#### TASK TO CARRY OUT
Leaving the images aside, transcribe all the data below exactly.

#### DATA
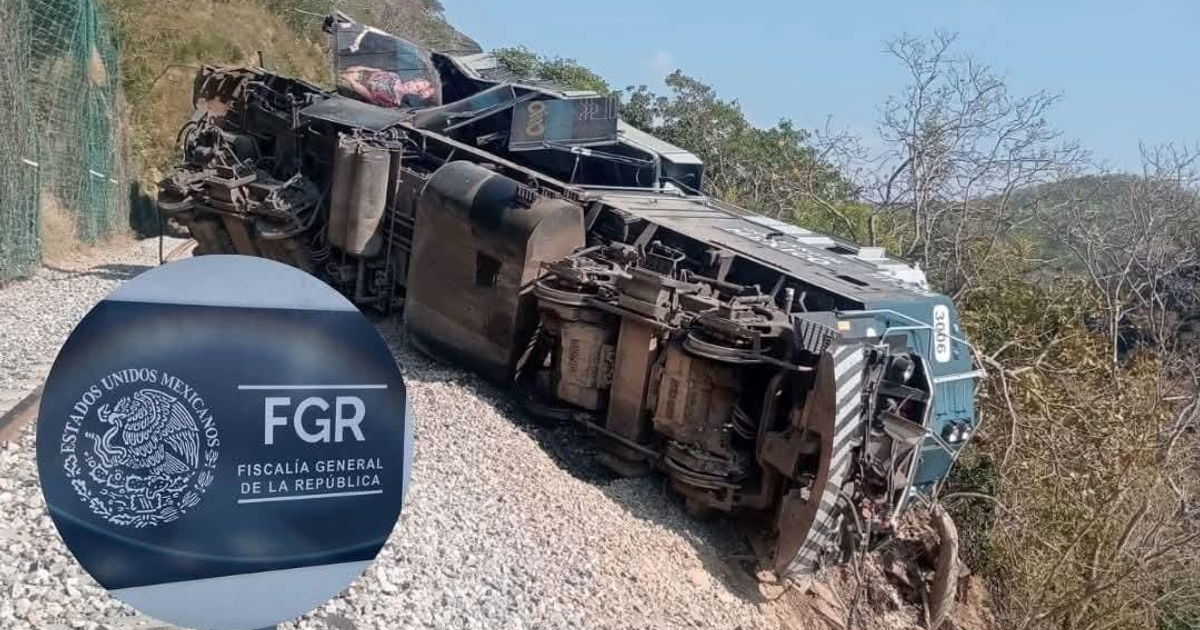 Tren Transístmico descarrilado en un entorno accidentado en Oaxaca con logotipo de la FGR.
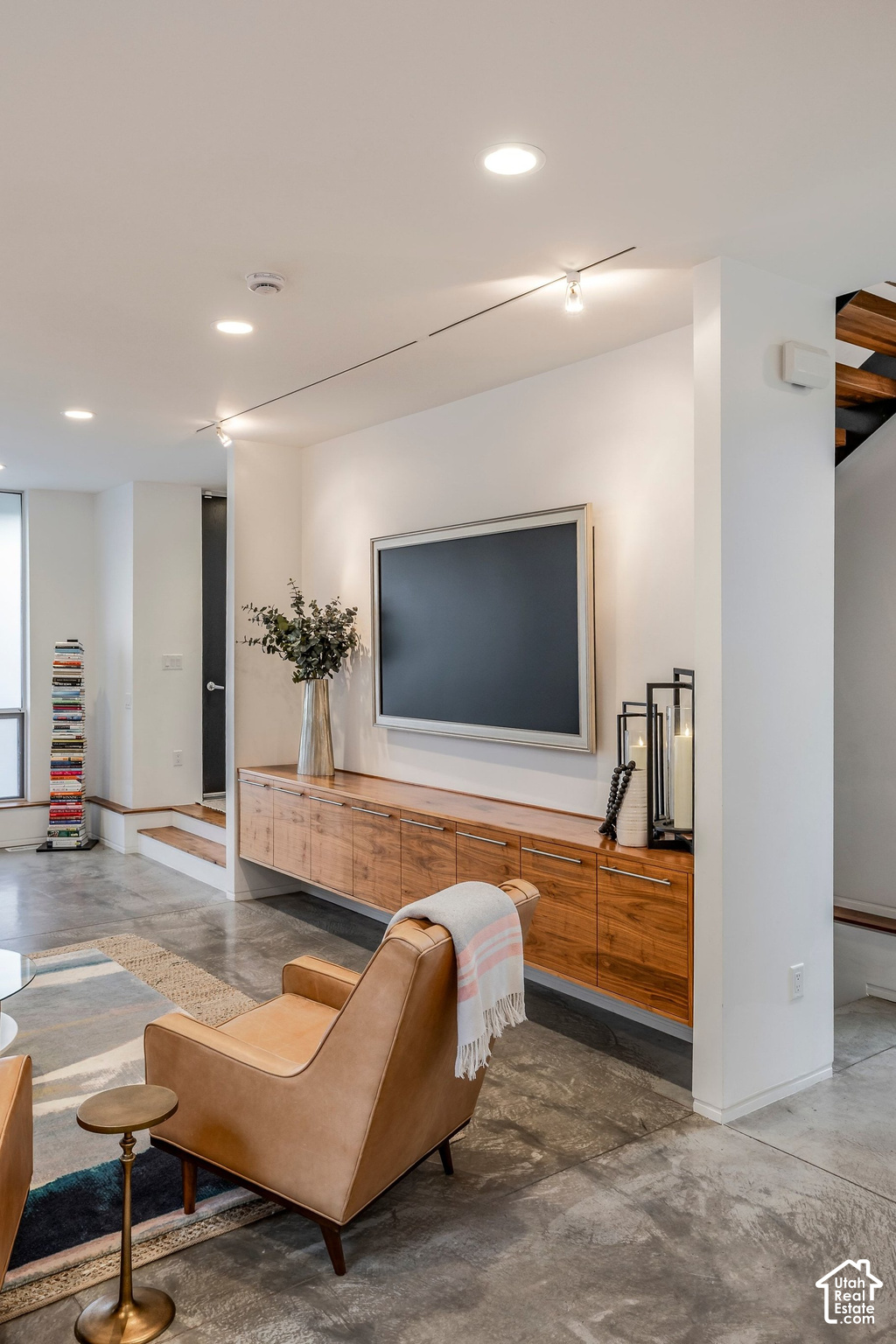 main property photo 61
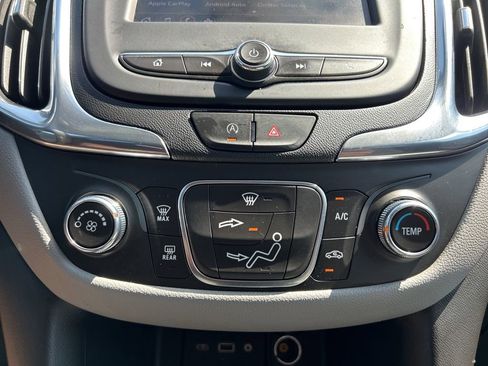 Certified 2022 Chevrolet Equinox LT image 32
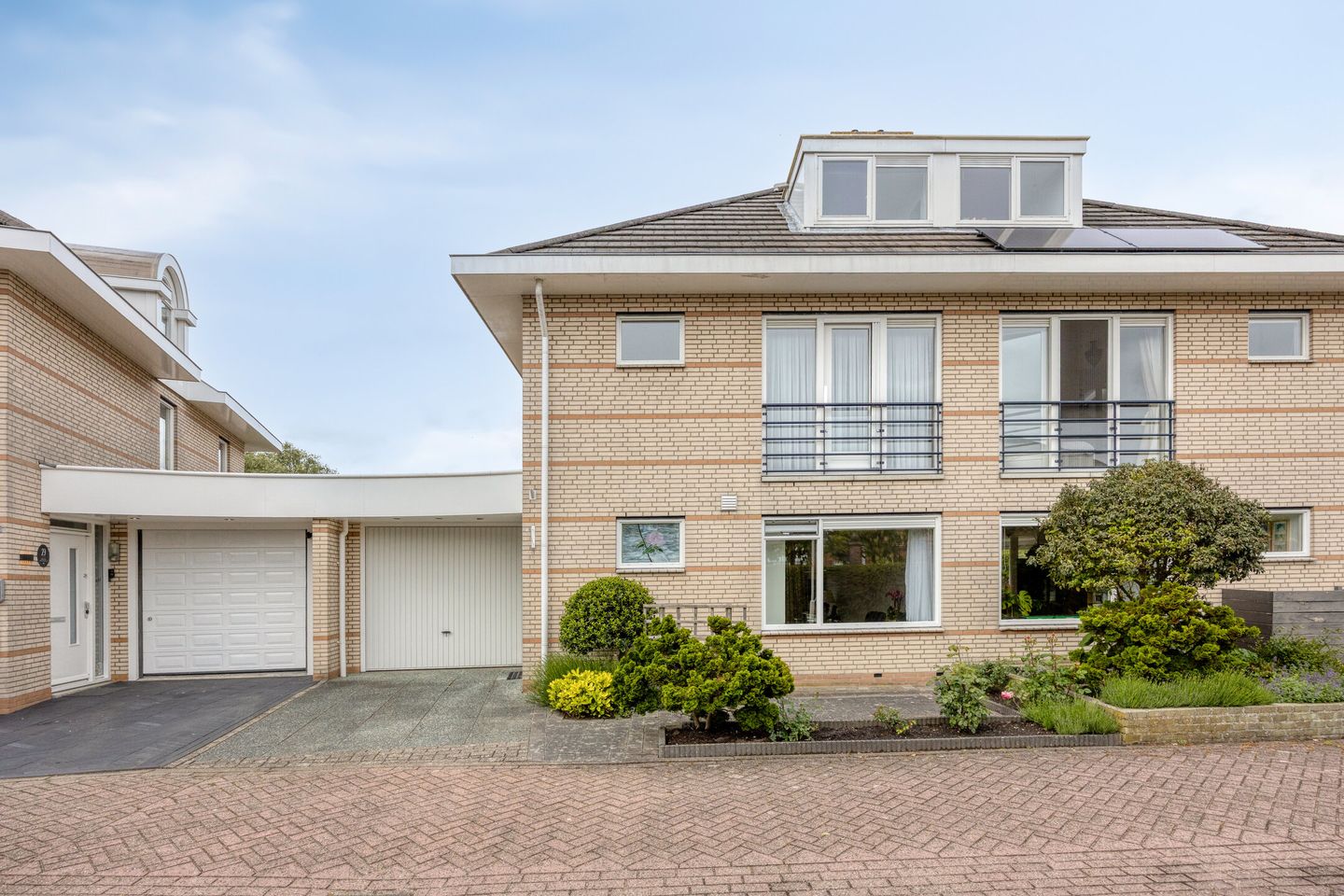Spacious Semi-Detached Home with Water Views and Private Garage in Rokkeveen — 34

#### YOUR SOLUTION
 Tren Transístmico descarrilado en un entorno accidentado en Oaxaca con logotipo de la FGR.
 main property photo 61
 Certified 2022 Chevrolet Equinox LT image 32
Spacious Semi-Detached Home with Water Views and Private Garage in Rokkeveen — 34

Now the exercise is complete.